I don’t often agree with the ACTA (American Council of Trustees and Alumni); in fact, to my way of thinking they are one of the best barometers of reactionary thinking in education. But I do agree with at least part of their December “Must Reads” (“Letting in the Sunshine“), in which the ACTA pays the Arkansas legislature a half-compliment.
It’s a good idea, the ACTA says, for universities to be completely transparent when it comes to administrative salaries; the legislature got that right. But the law is only necessary, they say, because the universities themselves haven’t stepped up to the plate. It’s the idea of a law that the ACTA finds so unnecessary. I think that the law is exactly the point, though.

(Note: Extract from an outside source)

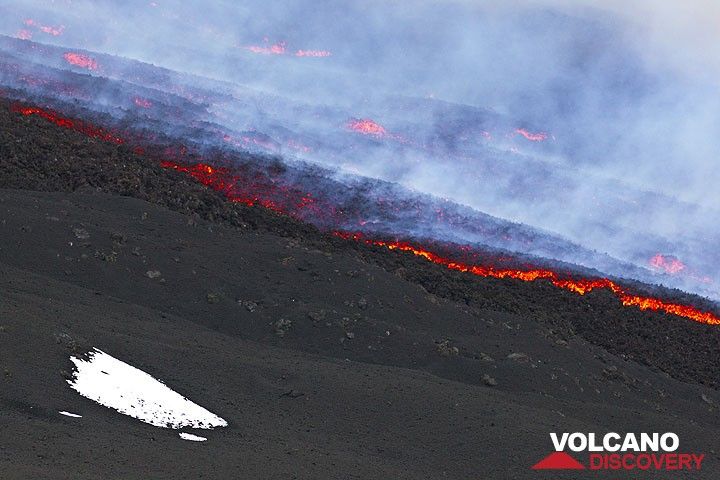 A patch of snow from the previous cold night and the edge of the lava flow from the eruption. (Photo: Tom Pfeiffer)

In effect, the “Must Read” is a thinly veiled warning: either we (administrations) deal with the rising (or perhaps coming) public anger at the exploding costs of college in general, and the wildly inflated salaries of certain high level administrators in particular, or we will face increased regulation. The worry, of course, is that the legal regulations will limit administrative “flexibility.”
In the short term, in other words, universities need to deal with the public by going public. In the long term, this will help ensure that they can do whatever they want once the outcry subsides. That’s exactly why Sunshine laws that require public institutions make all salaries public are so important. We need more than superficial changes that allow administrators to get by. We need laws.